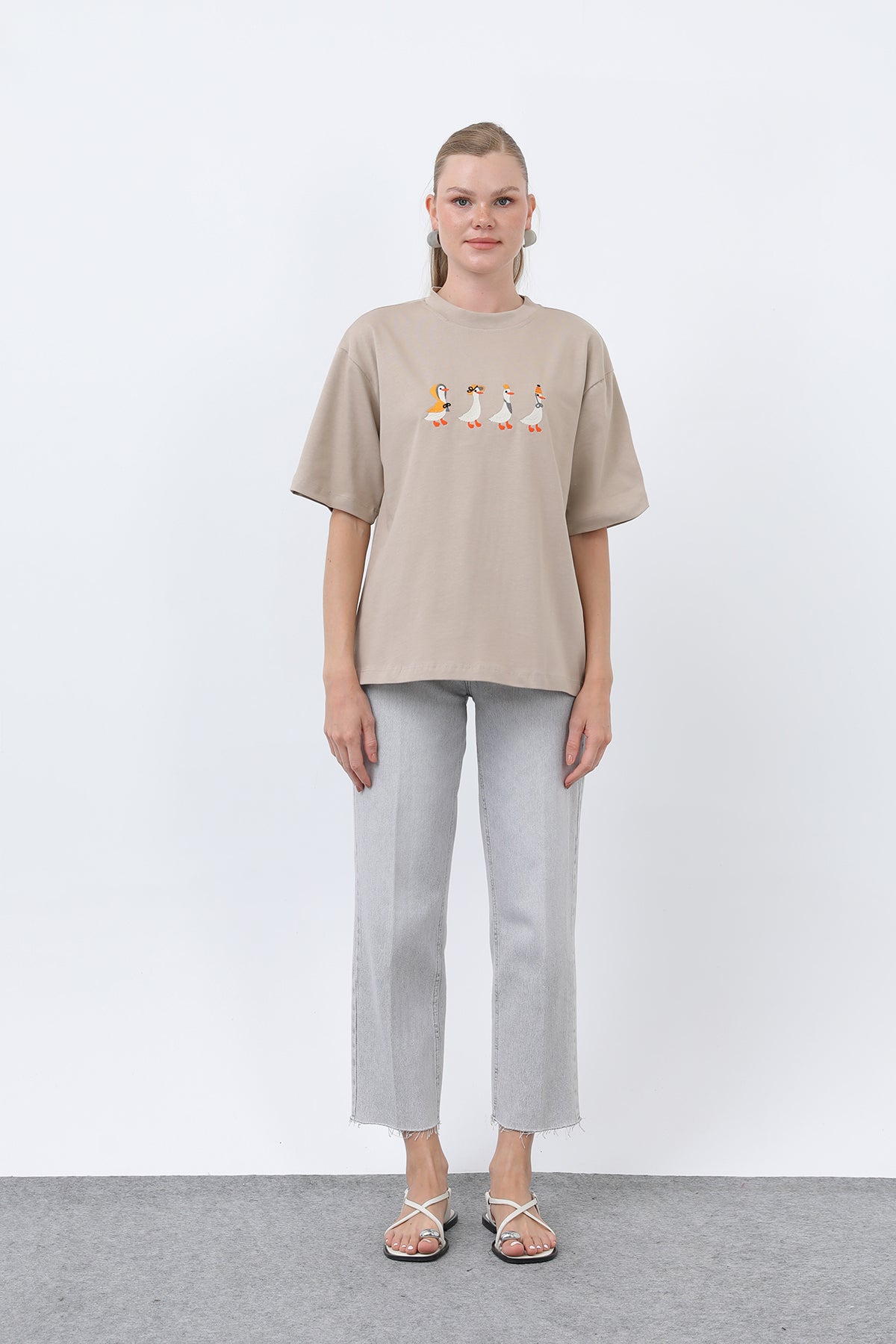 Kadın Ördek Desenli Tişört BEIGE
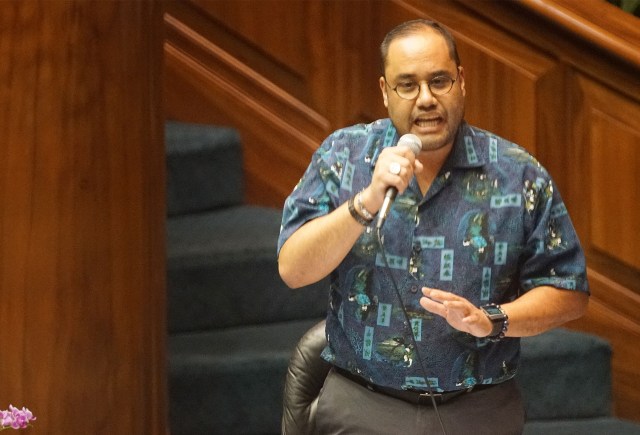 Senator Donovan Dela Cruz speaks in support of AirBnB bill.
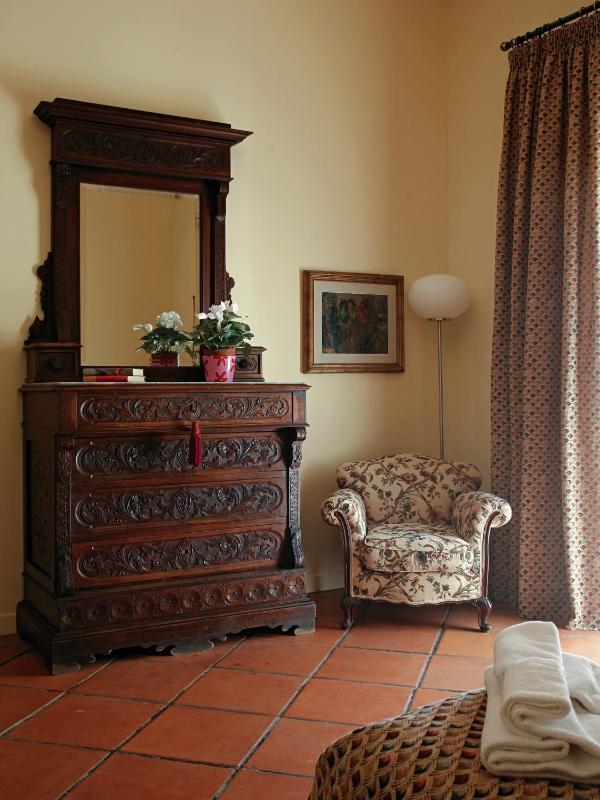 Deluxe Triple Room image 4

## [YOUR GOAL]
Print the data once more without any change, skipping each picture.

## [THE ANSWER]
 Kadın Ördek Desenli Tişört BEIGE
 Senator Donovan Dela Cruz speaks in support of AirBnB bill.
 Deluxe Triple Room image 4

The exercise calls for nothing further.